Figure 1: Geographic, linguistic and genetic overview of 52 Native American populations.
A complication in studying Native American genetic history is admixture with European and African immigrants since 1492. Cluster analysis16 shows that many of the samples we examined have some non-native admixture (an average of 8.5%; Fig. 1b and Supplementary Tables 1 and 3). This admixture is a challenge for learning about the historical relationships among the populations, and to address this complication we used three independent approaches. First, we restricted analyses to 163 Native Americans from 34 populations without evidence of admixture (Supplementary Notes). Second, we subtracted the expected contribution of European and African ancestry to the statistics we used to learn about population relationships (Supplementary Notes). Third, we inferred the probability of non-native ancestry at each genomic segment and ‘masked’ segments with more than a negligible probability of this ancestry (Fig. 1b, Supplementary Notes and Supplementary Fig. 2). Our inferences from these three approaches are concordant (Supplementary Figs 3 and 4).
We built a tree (Fig. 1c) using Fst distances between pairs of populations, which broadly agrees with geography and linguistic categories17 (trees based on masked and unmasked data were similar; Supplementary Fig. 3). An early split separates Asians from Native Americans and extreme northeastern Siberians (Chukchi, Naukan, Koryak), which is consistent with studies that have identified pan-American variants shared with some northeastern Siberians6,7,10,18. Eskimo–Aleut speakers and far-northeastern Siberians form a cluster that is separated from other Native American populations by a long internal branch. Within America the tree shows a series of splits in an approximate north–south sequence beginning with the Arctic, followed by northern North America, northern/central and southern Mexico and lower Central America/Colombia, and ending in three South American clusters (the Andes, the Chaco region and eastern South America). This pattern of splits is consistent with a north–south population expansion, an inference that is also supported by the negative correlation between heterozygosity and distance from the Bering Strait (r = −0.48, P = 0.007). This correlation increases if we use ‘least cost distances’ that consider the coasts as facilitators of migration19,20,21, and persists if we exclude four Native North American populations with ancestry from later streams of Asian gene flow (Supplementary Notes and Supplementary Fig. 5).
Trees provide a simplified model of history that does not accommodate the possibility of gene flow after population separation. Circumstantial evidence that some Native American populations may not fit a simple tree comes from cluster analysis, which infers Siberian-related ancestry in some northern North Americans (Fig. 1b), and from single-locus studies that have identified genetic variants shared between Eurasia and North America that are absent from South America11,22,23. The advent of genome-wide data sets has allowed the development of a formal four-population test for whether sets of four populations are consistent with a tree. This test is robust to the ascertainment bias affecting SNP arrays24. For each of the 52 Native American populations in turn, we tested the hypothesis that they conform to the tree: ((test population, southern Native American), (outgroup1, outgroup2)) for 45 pairs of ten Asian outgroups. We used a Hotelling T-test to evaluate whether all four-population test f4 statistics of this form are consistent with the expectation of zero (Supplementary Notes). The test is not significant for 47 populations, which is consistent with their stemming from the same, presumably first, wave of American settlement; we call this ancestry ‘First American’ (Table 1). In contrast, four populations from northern North America show highly significant evidence of ancestry from additional streams of gene flow from Asia, subsequent to the initial peopling of America, which we confirm through the Hotelling T-test and a complementary test (Supplementary Notes): East Greenland Inuit (P
Examination of the values of the f4 statistics allows us to infer the minimum number of gene flow events from Asia into America consistent with the data. Each stream of gene flow is expected to produce a distinct vector of f4 statistics, constituting a ‘signature’ of how the ancestral migrating population relates to present-day Asian populations.

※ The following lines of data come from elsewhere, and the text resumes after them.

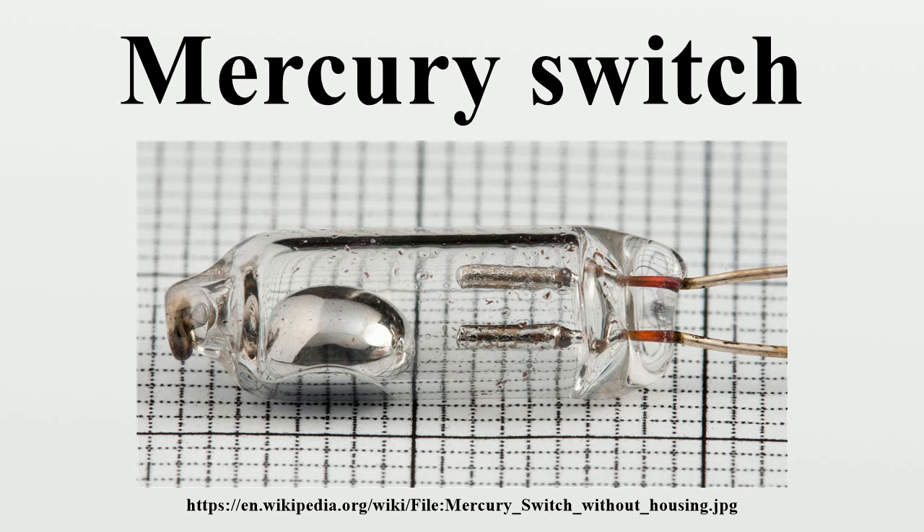Bombs: a tilt switch can be used to trigger a bomb. Mercury tilt switches can be found in some bomb and landmine fuzes, typically in the form of anti-handling devices — for example, a variant of the VS-50 mine.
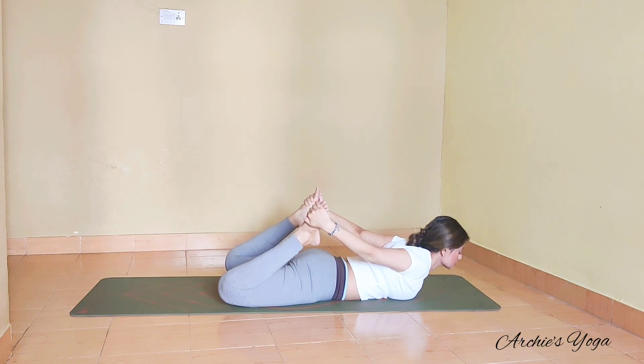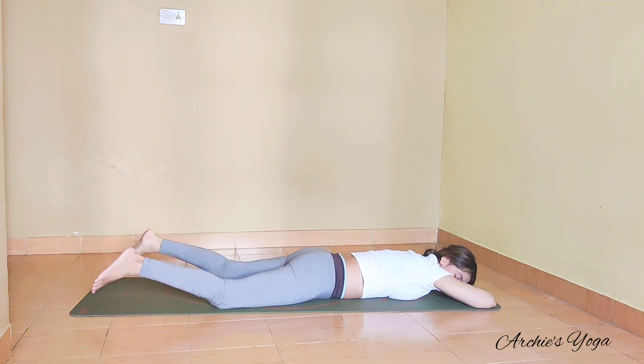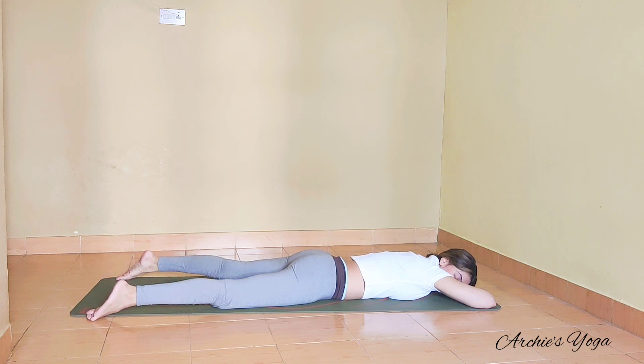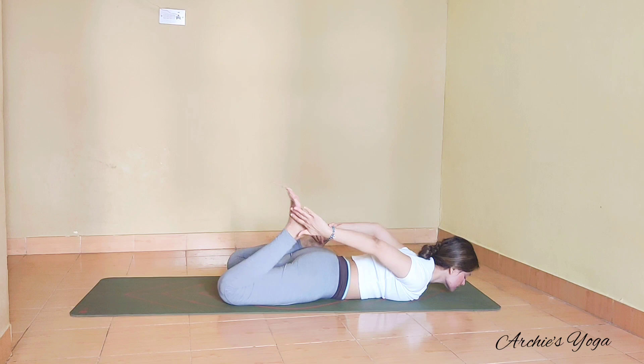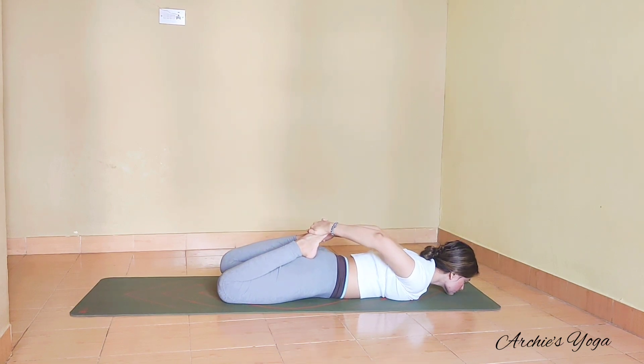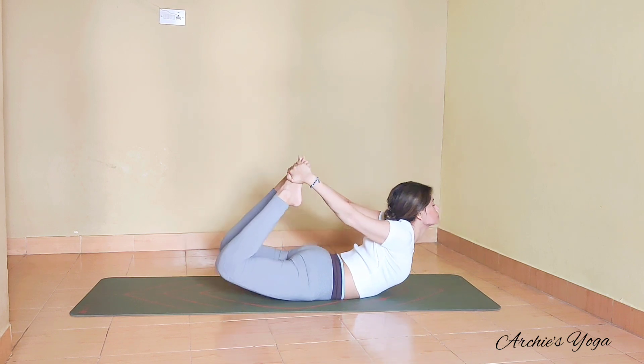Take just one breath, exhale, and we release. Relaxing the face to one side — see how this feels. Feel the spine, feel your shoulders. This is also the best position to massage your abdominal organs as well as it will flatten your tummy.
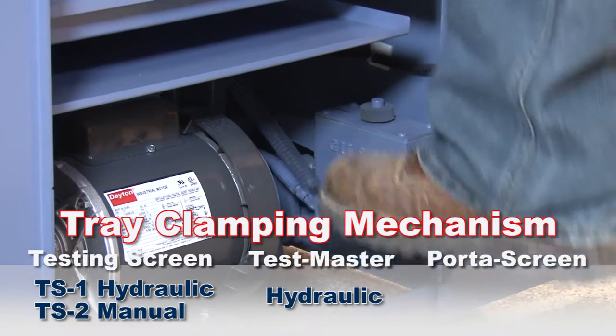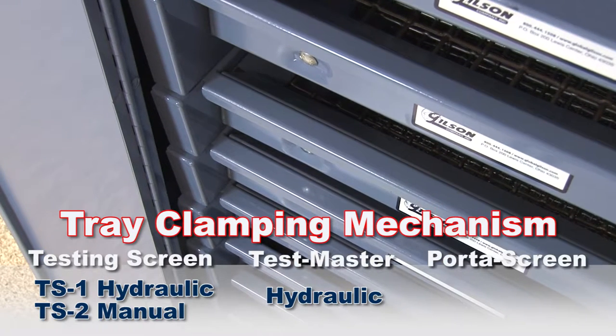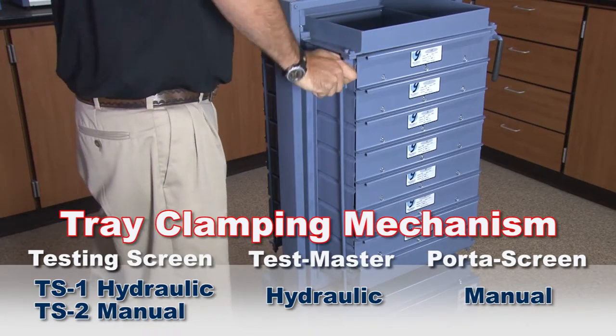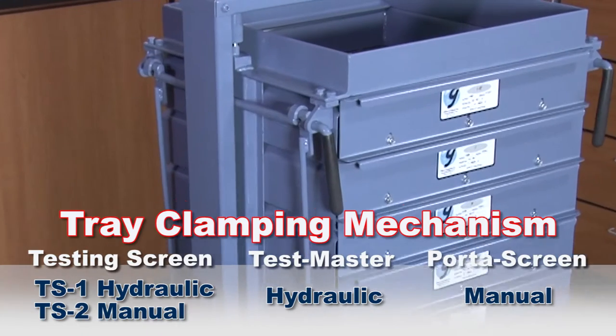The TM5 and TM6 models have a conveniently located foot operated pedal that easily and quickly activates the hydraulic clamping and releasing system. And the PS3 and PS4 screen trays are quickly secured using the easy to use clamp levers.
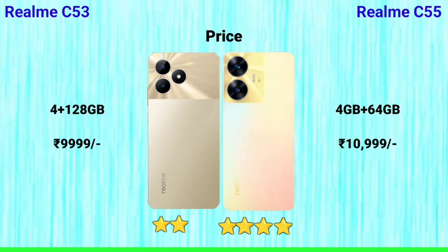Finally, regarding pricing: the Realme C53 is available at a lower price point, while the Realme C55 with 4GB plus 64GB storage is priced slightly higher. Overall, if you prefer a better chipset like the Helio G88 over the Unisoc, a Full HD display, faster 33W charging, and a premium back design, the Realme C55 is the recommended choice. Friends, if you liked this video, please give it a like and share it!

By finding the minimum number of vectors whose linear combinations are necessary to produce the vector observed in each population, we infer that a minimum of three gene flow events from Asia are necessary to explain the data from all Native American populations jointly, including the Saqqaq Palaeo-Eskimo (Supplementary Notes). These three episodes correspond to First American ancestry (distributed throughout the Americas) and to two additional streams of gene flow detected in a subset of northern North Americans (East Greenland Inuit, West Greenland Inuit, Aleutian Islanders, Chipewyan and Saqqaq). Table 1 shows that f4 statistics in the Inuit and Aleutian islanders are consistent with deriving the non-First-American portions of their ancestry from the same later stream of Asian gene flow, providing support for deep shared ancestry between these linguistically linked groups12,26. The Na-Dene-speaking Chipewyan have a different pattern of f4 statistics from Eskimo–Aleut speakers, implying that they descend at least in part from a separate stream of Asian gene flow (P
To develop an explicit model for the settlement of the Americas, we used the admixture graph (AG) framework24. AGs are generalizations of trees that accommodate the possibility of a limited number of unidirectional gene flow events. They are powerful tools for learning about history because they make predictions about the values of f-statistics (such as f4) that can be used to test the fit of a proposed model24 (Supplementary Notes). Figure 2 presents an AG relating selected Native American and Old World populations that is a good fit to the data in the sense that none of the f-statistics predicted by the model are more than three standard errors from what is observed. This supports the hypothesis of three deep lineages in Native Americans: the Asian lineage leading to First Americans is the most deeply diverged, whereas the Asian lineages leading to Eskimo–Aleut speakers and the Na-Dene-speaking Chipewyan are more closely related and descend from a putative Siberian ancestral population more closely related to Han (Fig. 2). We also arrive at the finding that Eskimo–Aleut populations and the Chipewyan derive large proportions of their genomes from First American ancestors: an estimated 57% for Eskimo–Aleut speakers, and 90% in the Chipewyan, probably reflecting major admixture events of the two later streams of Asian migration with the First Americans that they encountered after they arrived (Supplementary Notes). The high proportion of First American ancestry explains why Eskimo–Aleut and Chipewyan populations cluster with First Americans in trees like that in Fig. 1c despite having some of their ancestry from later streams of Asian migration, and explains the observation of some genetic variants that are shared by all Native Americans but are absent elsewhere6,7,10,18. We also infer back-migration of populations related to the Eskimo–Aleut from America into far-northeastern Siberia (we obtain an excellent fit to the data when we model the Naukan and coastal Chukchi as mixtures of groups related to the Greenland Inuit and Asians (Fig. 2 and Supplementary Notes)). This explains previous findings of pan-American alleles also in far-northeastern Siberia6,7,10,18.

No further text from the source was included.